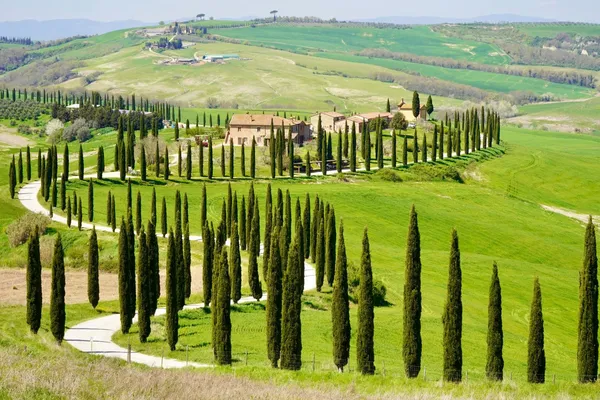 Toscane landschap 3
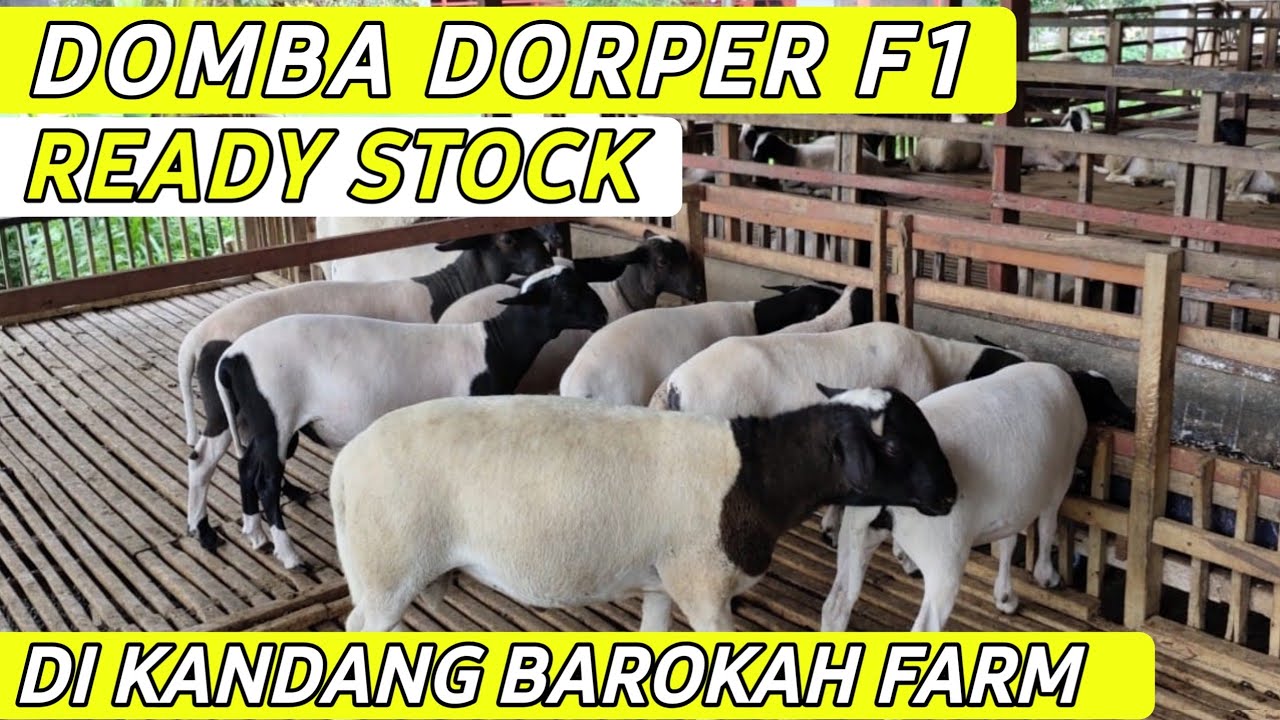 Stok Domba Dorper F1 di Barokah Farm Kediri | Cara Ternak Ghaper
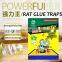 Environmental Friendly High Effective Rat Catcher Customized Glue Mouse Sticker Board
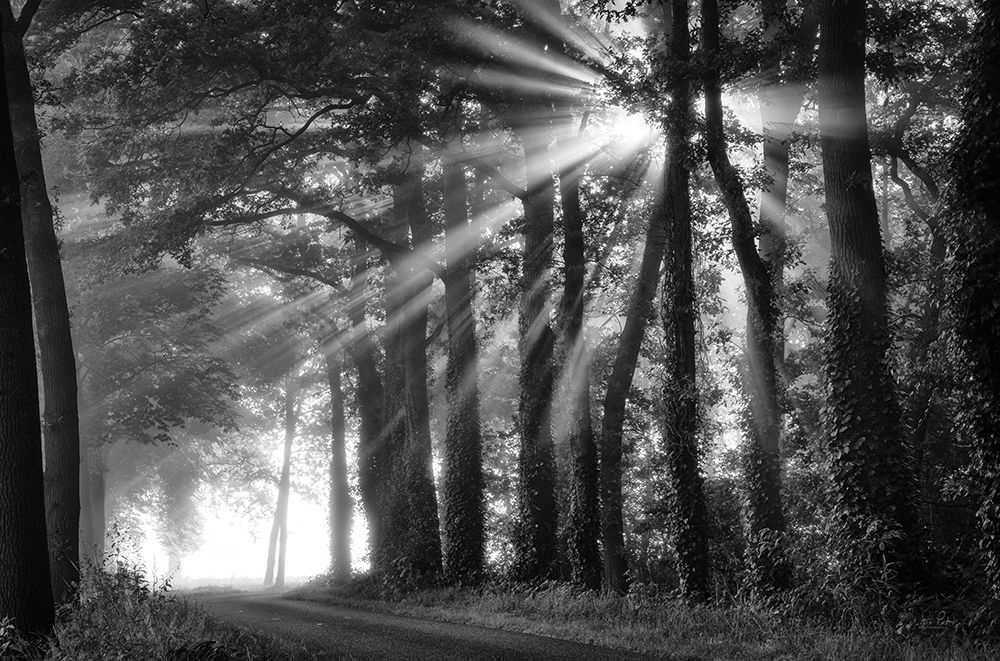 Amazing Rays art print by Martin Podt for $57.95 CAD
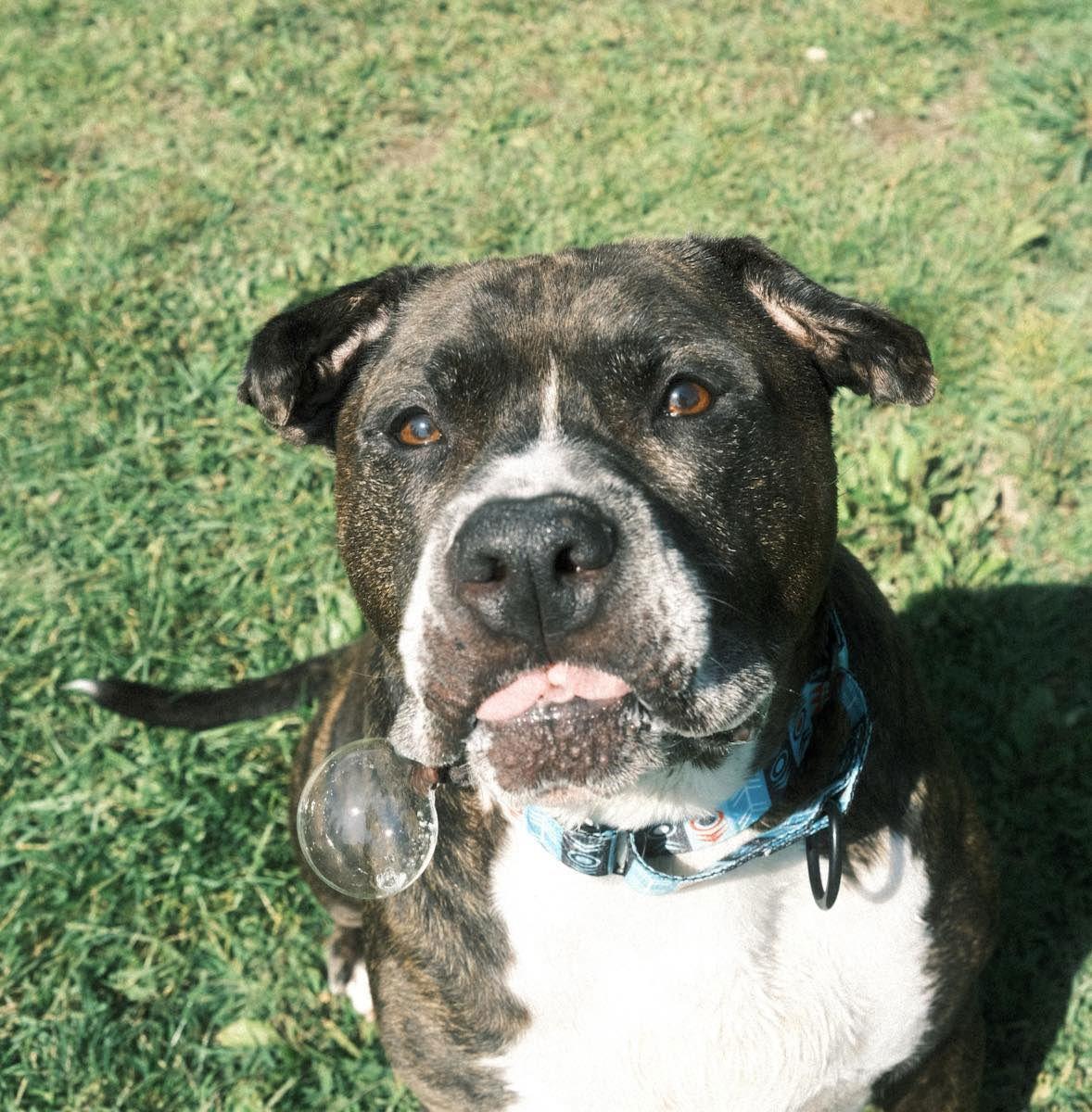 Dexter — thumbnail 2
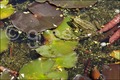 pronađi žabicu&hellip;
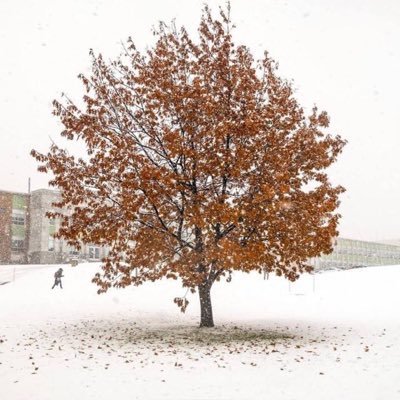 abadel2020's profile picture. A/Professor of Structural Engineering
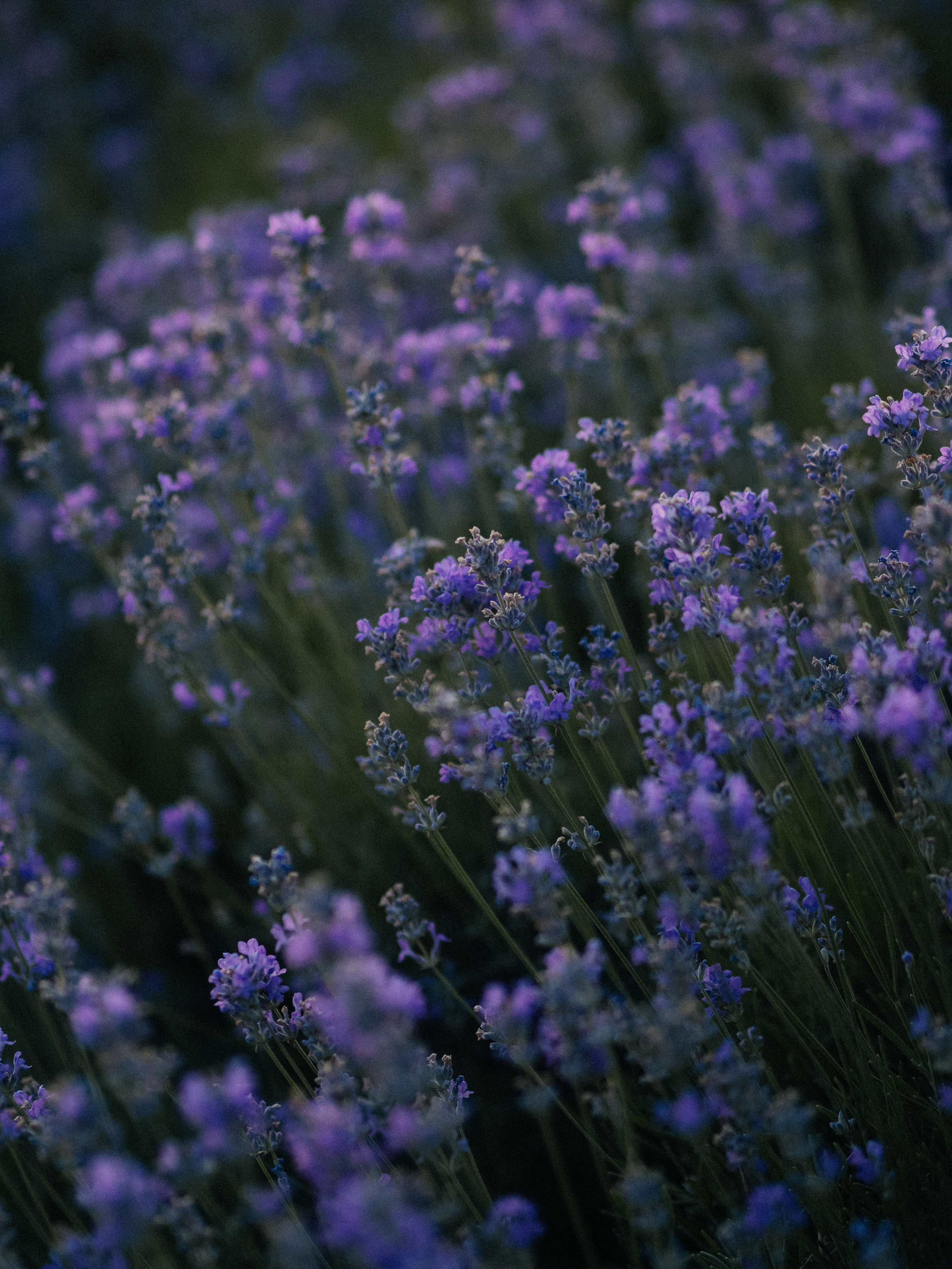 Анапа фотосессия Анапа фотостудия Фотограф анапа. Семейный, детский, свадебный, фотограф в городе Анапа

+-------+

Problem = With pictures excluded, the material is to be written out exactly as given.

Answer to the problem =
 Toscane landschap 3
 Stok Domba Dorper F1 di Barokah Farm Kediri | Cara Ternak Ghaper
 Environmental Friendly High Effective Rat Catcher Customized Glue Mouse Sticker Board
 Amazing Rays art print by Martin Podt for $57.95 CAD
 Dexter — thumbnail 2
 pronađi žabicu&hellip;
 abadel2020's profile picture. A/Professor of Structural Engineering
 Анапа фотосессия Анапа фотостудия Фотограф анапа. Семейный, детский, свадебный, фотограф в городе Анапа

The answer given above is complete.